Meaning of the term "annuity"
The term annuity contains the Latin word "anno", meaning "year". An annuity in financial mathematics and in the language of finance professionals goes back to this designation.

Ultimately, an annuity is a regular payment that always has the same amount. If a borrower, for example, takes out a loan structured as an annuity, this means that their monthly or annual installments to be paid are always the same amount. The installments consist of an interest portion and a repayment portion. This is explained with a simple example.
Example calculation to illustrate an annuity loan

A borrower takes out a repayment loan as an annuity loan.
The term of the loan in this example is five years, the loan amount is 100,000 Euro, and the interest rate is fixed for the term and set at five percent per year.
The fixed interest period means that the interest rate remains unchanged over the loan term. The initial repayment is also five percent per year. This constellation may not be very common in practice, but it helps to explain the topic. Any fees or other influencing factors are ignored in this example for the sake of explaining the annuity.
- In the first year of the annuity loan term, the borrower starts with a liability of 100,000 Euro. He pays five percent interest on this and repays the liability with an additional five percent in the first year — in total his annuity payment amounts to ten percent, which he must pay in the first year. These ten percent therefore correspond to 10,000 Euro that the borrower must pay. The interest rate is therefore 5% of the loan, with the interest portion of the paid installment in the first year being 50%.
What is special about an annuity loan is this: The installment of 10,000 Euro, which results from the summed percentage rates of interest and repayment in the first year, defines the amount of the installments that must be paid in the following years. They also amount to 10,000 Euro per year.
- After the first year the borrower has therefore paid 5,000 Euro in interest and has repaid another 5,000 Euro of his loan. He therefore has only outstanding liabilities of 95,000 Euro. Since the second year still falls within the five-year loan term, the borrower must again pay five percent interest to the bank in that year. In this example that means 4,750 Euro in interest becomes due.

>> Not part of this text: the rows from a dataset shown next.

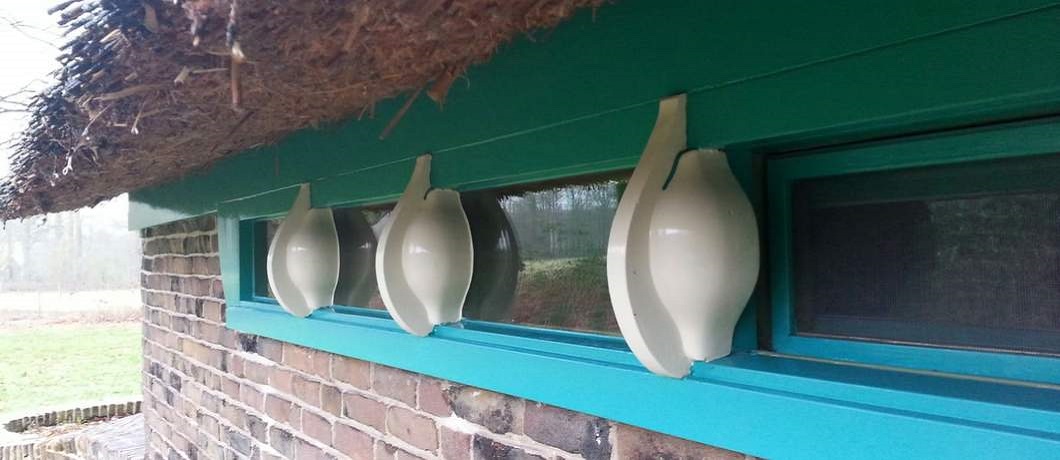 Detail van een raam in Amsterdamse Schoolstijl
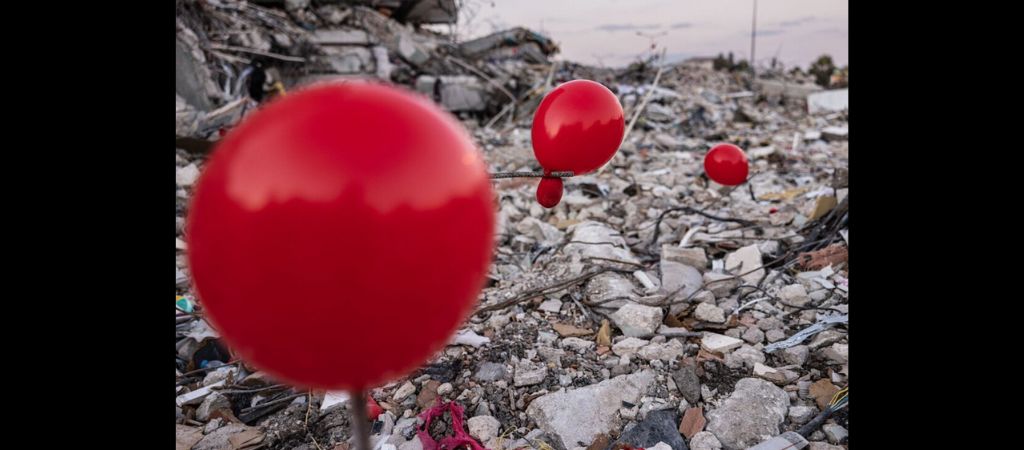 Balões pendurados nos escombros de um prédio desabado em Antakya, sul da Turquia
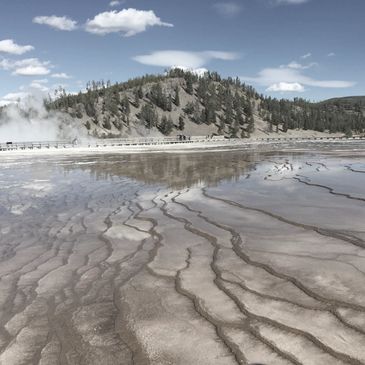 Yellowstone National Park, geyser steam in the distance  with hills and wetlands in the foreground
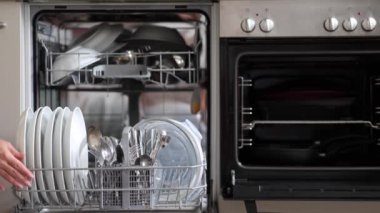 Kadın bulaşıklar temizlendikten sonra bulaşık makinesini kapattı. Yavaş çekim videosu. Yüksek kalite 4k görüntü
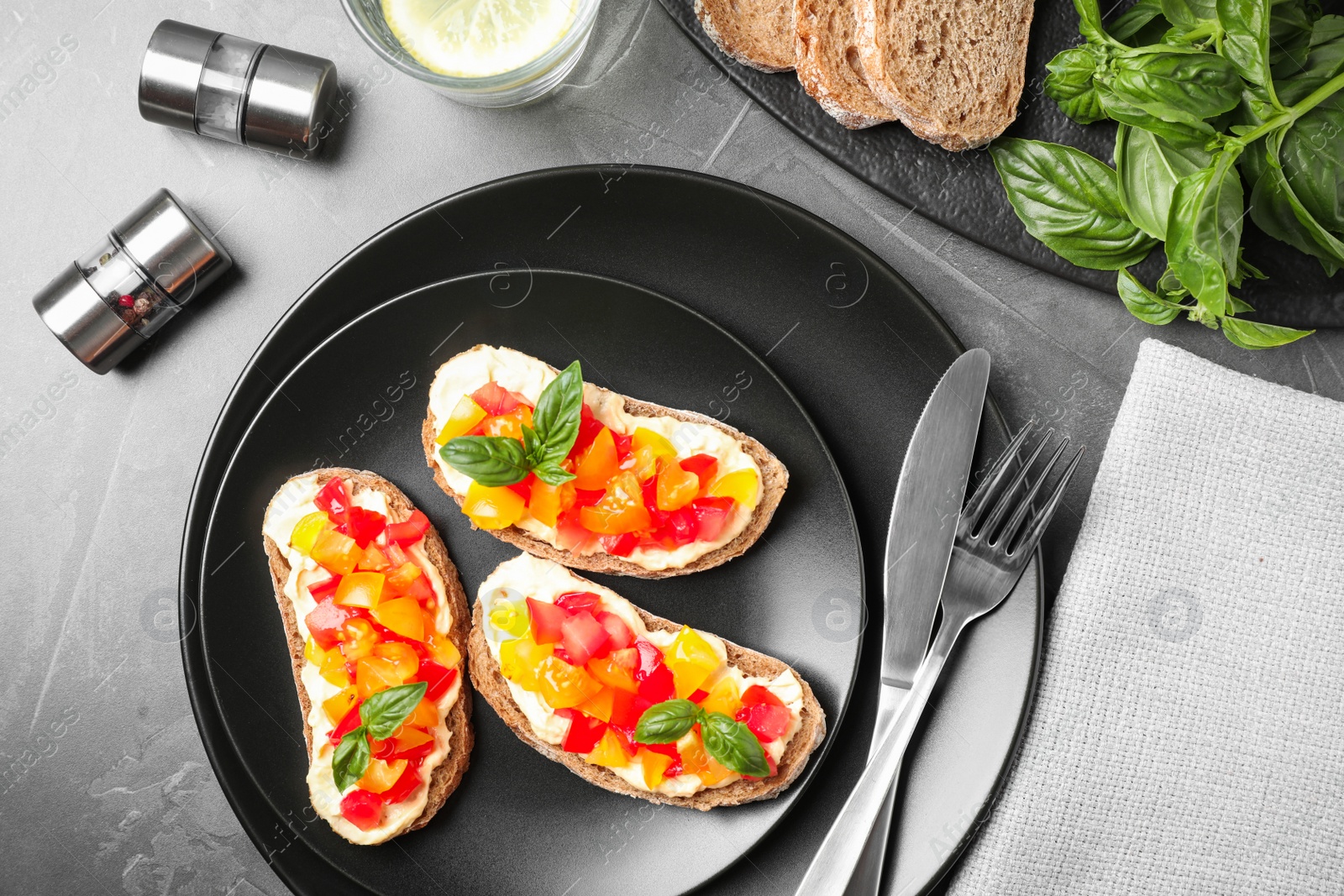 Photo of Tasty fresh tomato bruschettas on grey table, flat lay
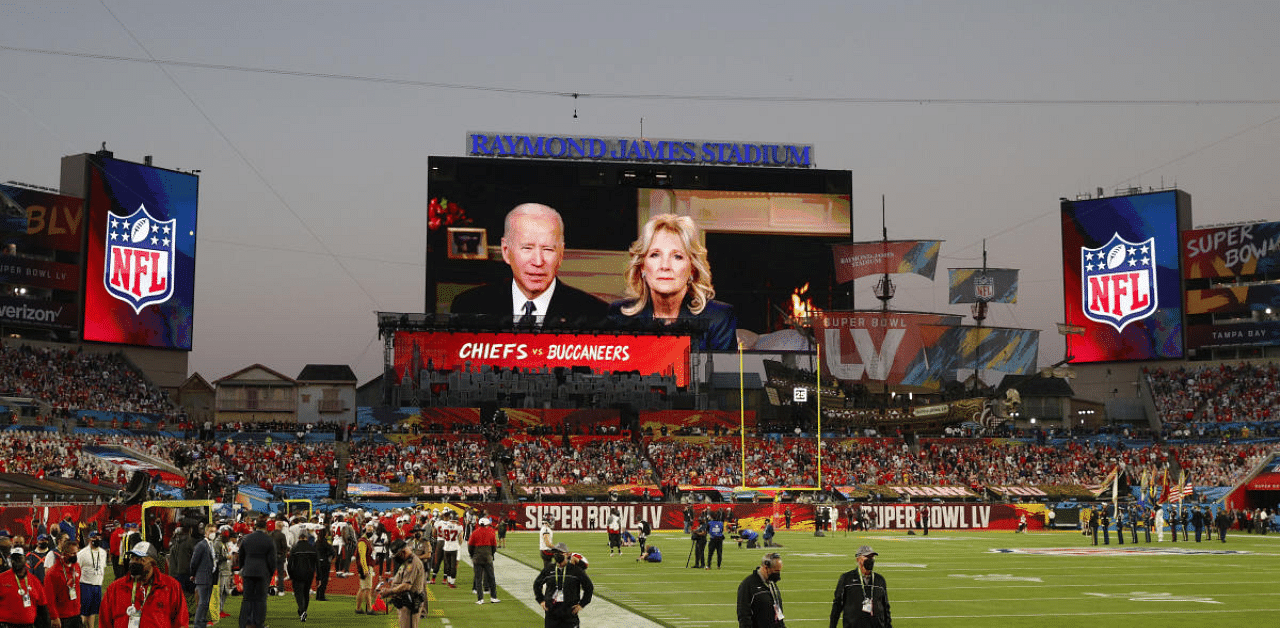 U.S. President Joe Biden and first lady Dr. Jill Biden seen delivering a message on the big screen before the game. Credit: Reuters Photo
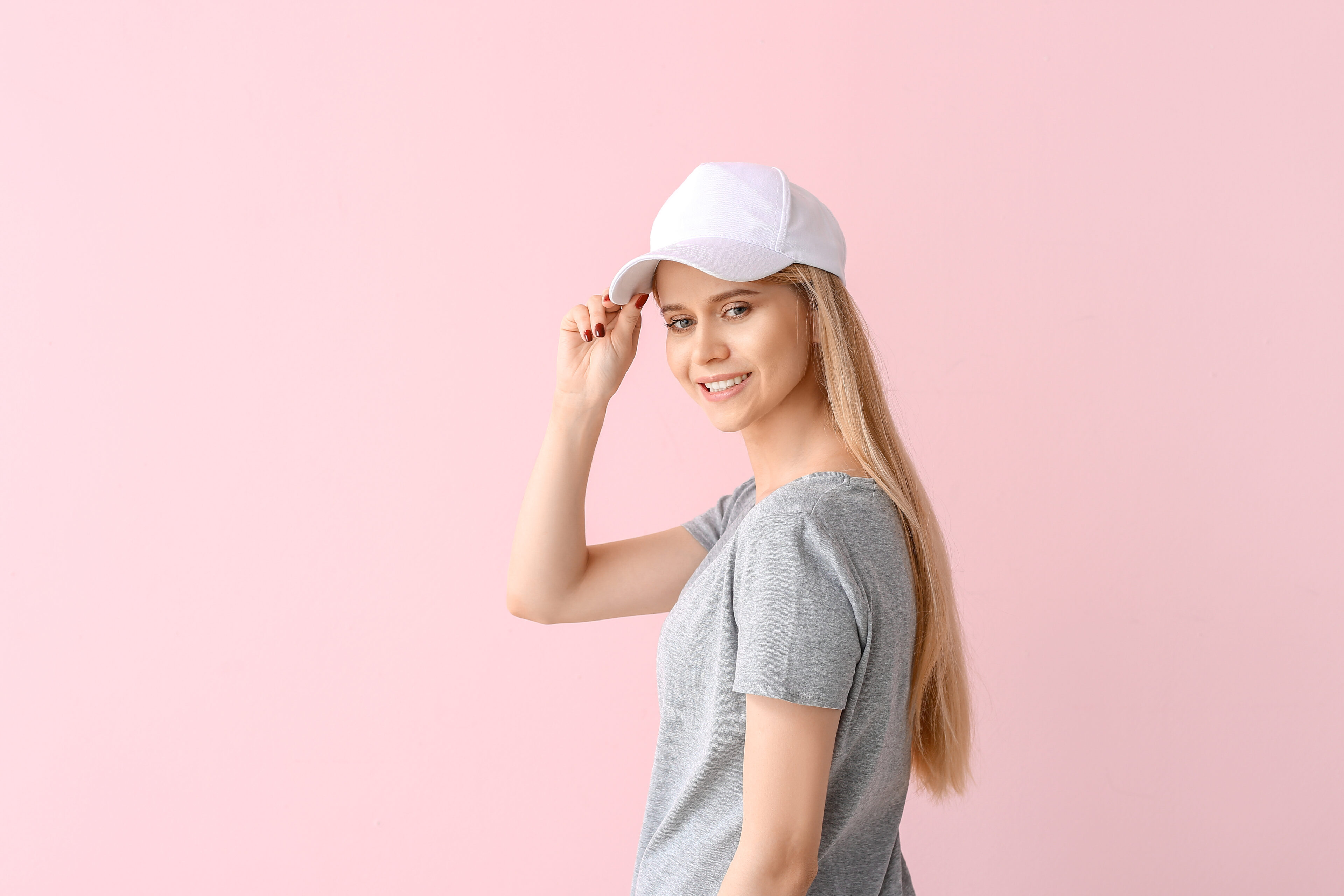 Beautiful young woman in stylish cap on color background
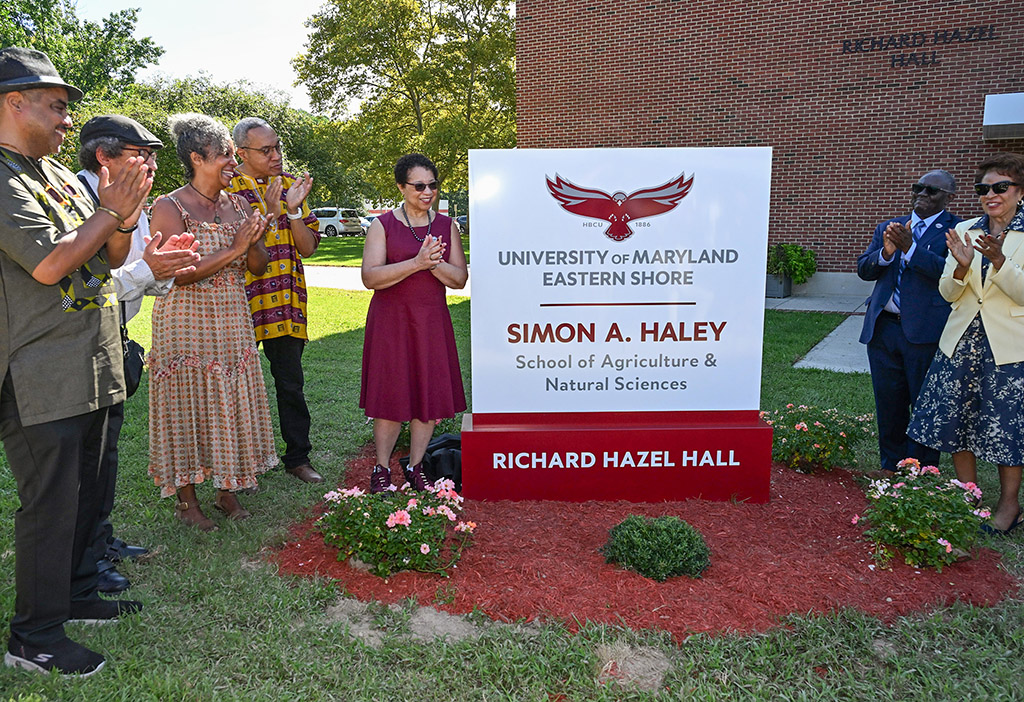 The Haley Family, from left, Bill Haley, Alan Haley, Anne Haley and Chris Haley, watch UMES President Heidi Anderson, left, pull the drape off the sign with the help of Moses Kairo, Dean of the School and Regent Yvette Lewis during the naming ceremony of the Simon A. Haley School of Agriculture & Natural Sciences on Tuesday, Sept. 8, 2026. (Photo by Todd Dudek, UMES Ag Communications)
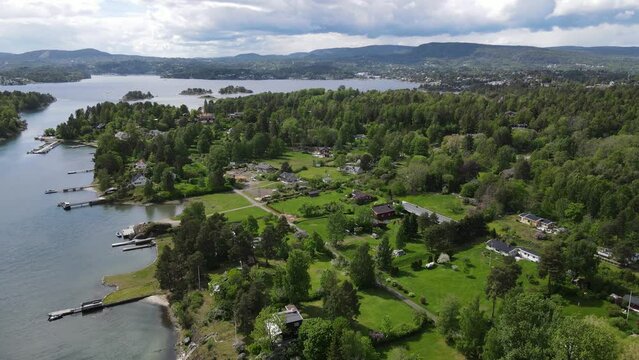 4k aerial footage of the sea and green shore. Bronnoya, Norway.
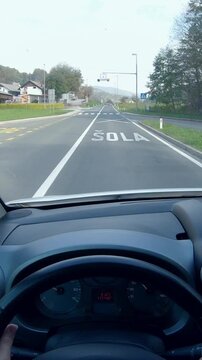 Driver POV of traveling through countryside village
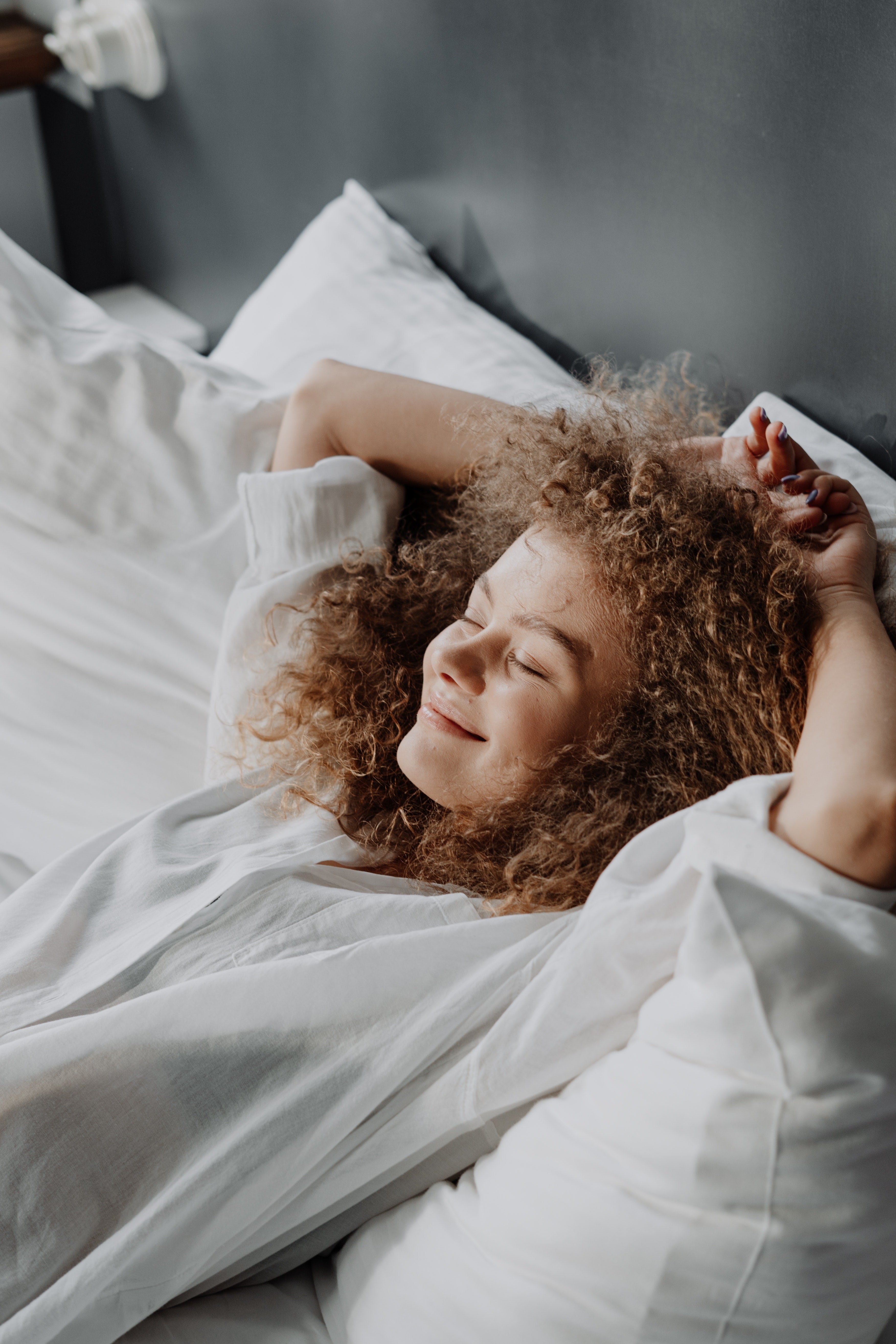 Woman laying in bed with her arms stretched above her head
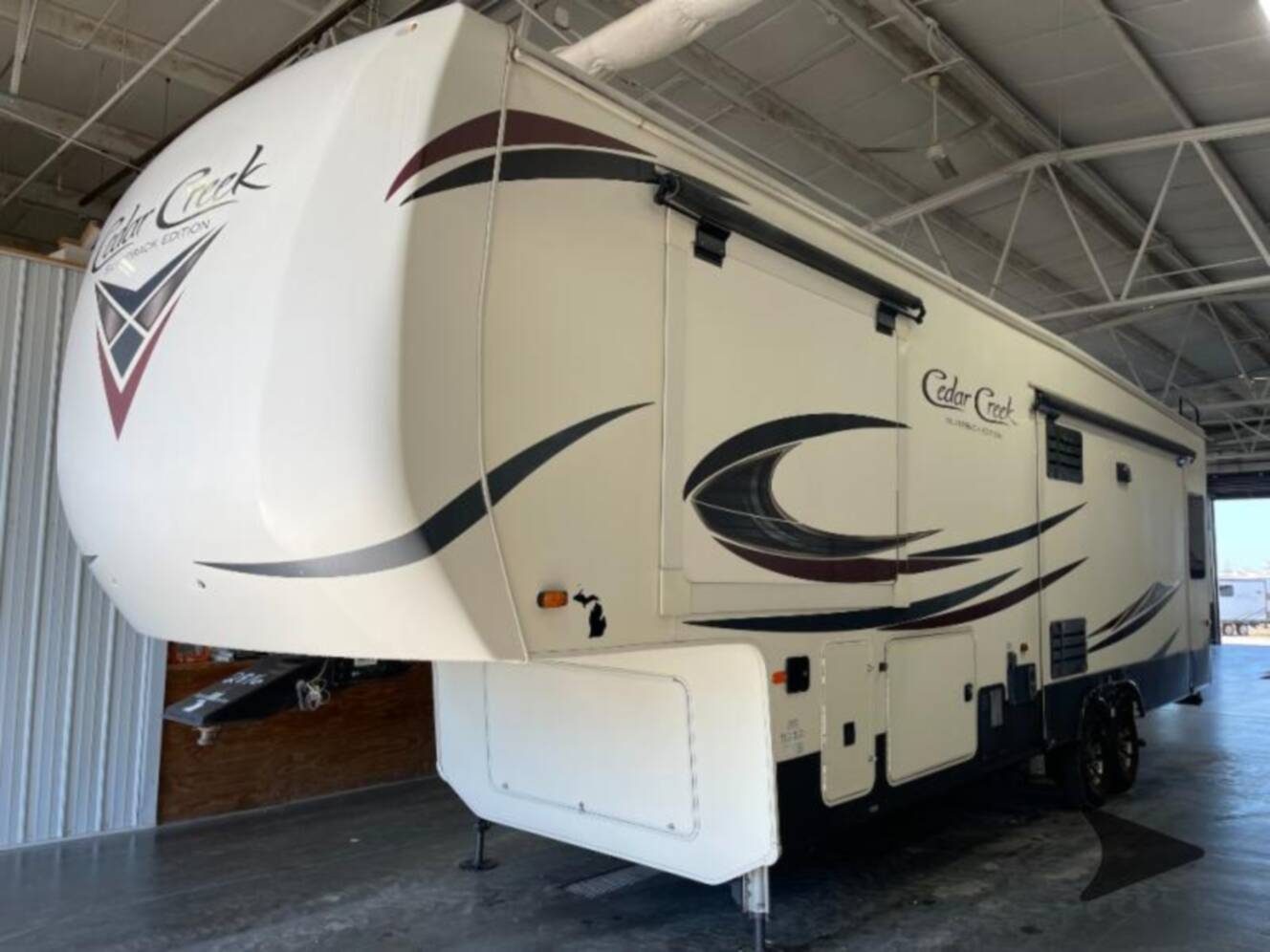 A photo of this 2019 Forest River Rv Cedar Creek Silverback 33IK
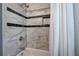 Close-up of a shower featuring marble-patterned tiles, a built-in niche, and a shower head with a clean white curtain at 4361 Stanley Dr, Powder Springs, GA 30127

However, since the annual installment remains unchanged at 10,000 Euro and the interest has fallen by 250 Euro to 4,750 Euro compared to the previous year, the repayment portion in the second year increases by exactly 250 Euro to then 5,250 Euro. At the end of the second year the borrower has therefore already repaid a total of 10,250 Euro. He therefore still has outstanding liabilities of 89,750 Euro, which he will pay to the bank over time.
The principle for calculating interest and repayment in an annuity loan remains the same in the following years, so the calculation will no longer be shown in such detail below.
- In the third year the borrower pays 4,488 Euro in interest and can accordingly repay 5,512 Euro of his liabilities. The outstanding balance of the borrower at the end of the third year with respect to his bank thus amounts to 84,238 Euro.
- In the fourth year of the term, 4,212 Euro in interest are due, leaving 5,788 Euro for repayment, and his liabilities at the end of the fourth year of the loan term amount to 78,450 Euro.
- The fifth year is also the last year of the loan term. In this year the borrower pays 3,923 Euro in interest and can then make repayments of 6,077 Euro. The outstanding balance at the end of the loan term thus amounts to 72,373 Euro.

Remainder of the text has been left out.